Therefore, a new serological test examines antibacterial anti-citrullinated ACPAs antibodies. This test is positive again in 61-75% of all RA cases, but with a specificity of about 95%. Like RF, ACPA is repeatedly present before symptoms begin.
The most common clinical test for ACPA is the anti-cyclic citrullinated peptide (anti CCP) ELISA. In 2008, a point-of-care serological test for early detection of RA combined RF and anti-MCV detection with 72% sensitivity and 99.7% specificity.
Other blood tests are usually done to differentiate from other causes of arthritis, such as blood sedimentation rate (ESR), C-reactive protein, complete blood count, renal function, liver enzymes and other immunological tests (eg, antinuclear antibodies/ANA) done at this stage. High levels of ferritin may reveal hemochromatosis, mimic RA, or be a sign of Still disease, a seronegative rheumatoid arthritis variant, usually juvenile.
Classification Criteria
In 2010, the Rheumatoid Acid Criteria of ACUL/EULAR 2010 Rheumatoid was introduced.
The new criterion is not a diagnostic criterion but a classification criterion for identifying diseases with high chances of developing a chronic form. However a score of 6 or more expressly classifies a person with a diagnosis of rheumatoid arthritis.
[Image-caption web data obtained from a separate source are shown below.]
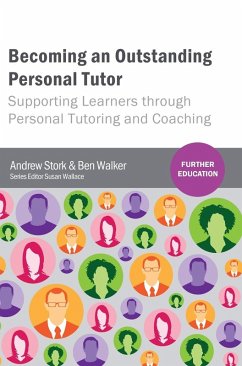 Cover Becoming an Outstanding Personal Tutor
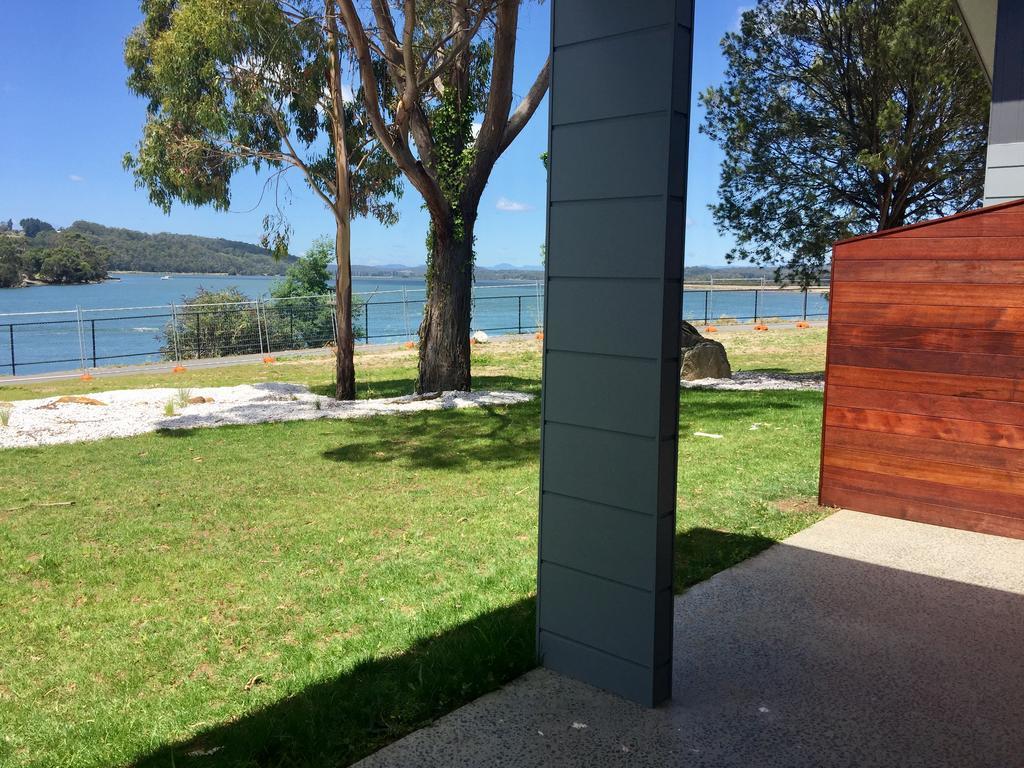 Waterfront Apartments Devonport Extérieur photo
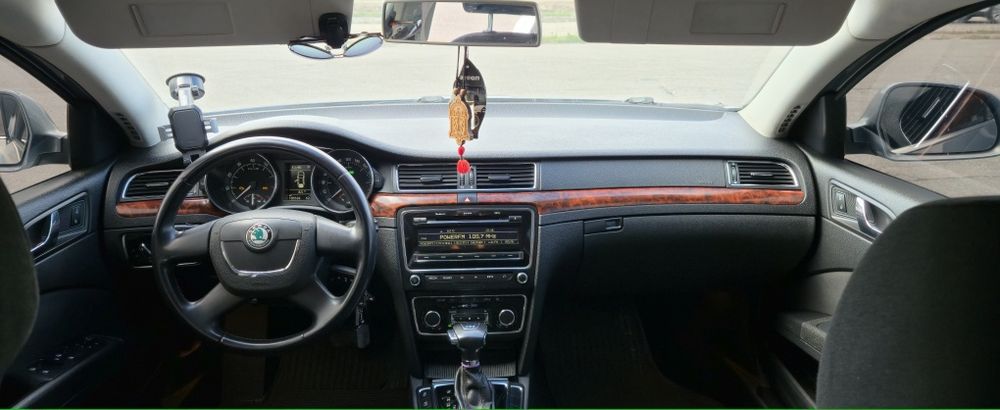 Продам авто  Skoda Superb 2010г. в идеале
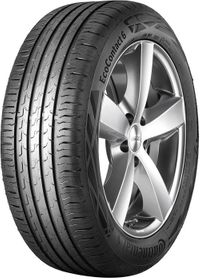 Continental Sommerreifen "195/55R16 87H - EcoContact 6", Art.-Nr. 03110510000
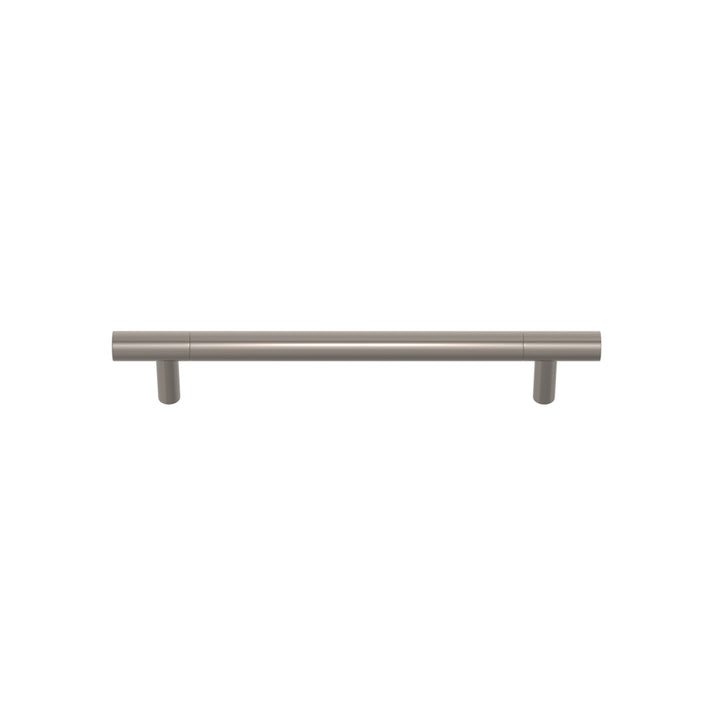 MÖBELGRIFF 200/160 – CABINET PULL BARREL SOLID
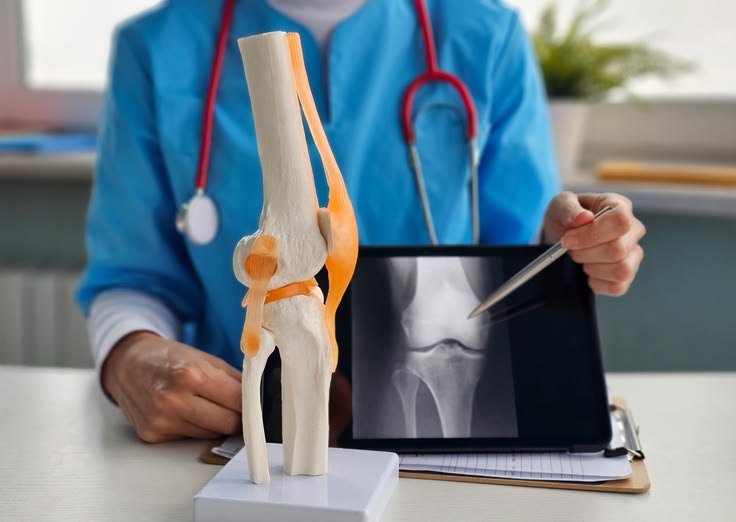 Knee Replacement In Chandrapur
This new classification criterion rejected the "old" ACR criterion of 1987 and adjusted for initial RA diagnosis. The "new" classification criteria, published jointly by the American College of Rheumatology (ACR) and the European League Against Rheumatism (EULAR) set a point value between 0 and 10. The four areas covered in the diagnosis:
- joint involvement, pointing metacarpophalangeal joints, proximal interphalangeal joints, interphalangeal joints of the thumb, second to fifth metatarsophalangeal joints and wrists as small joints, and shoulders, elbows, hip joints, knees , and ankle as big joint :
- Large 1-joint involvement gives 0 points
- Large 2-10 joint involvement gives 1 point
- The involvement of 1-3 small joints (with or without large joint involvement) gives 2 points
- The involvement of 4-10 small joints (with or without large joint involvement) gives 3 points
- Involvement of more than 10 joints (with involvement of at least 1 small joint) gives 5 points
- serological parameters - including rheumatoid factor and ACPA - "ACPA" stands for "anti-citrullinated protein antibody":
- Negative RF and ACPA negatively gives 0 points
- Low-positive RF or low-ACPA gives 2 points
- High-positive RFI or high ACPA gives 3 points
- acute phase reactants: 1 point for increased blood sedimentation rate, ESR, or increased CRP value (c-reactive protein) Duration of
- arthritis: 1 point for symptoms lasting six weeks or longer
The new criteria accommodate the growing understanding of RA and improvement in diagnosing RA and treatment of disease. In serologies the "new" criteria and autoimmune diagnostics carry the major weight, because ACPA detection is appropriate to diagnose the disease at baseline, before joint damage occurs. The joint destruction seen in radiological images is an important point of the ACR criterion from 1987. This criterion is no longer considered relevant, as this is just the kind of damage that should be avoided by care.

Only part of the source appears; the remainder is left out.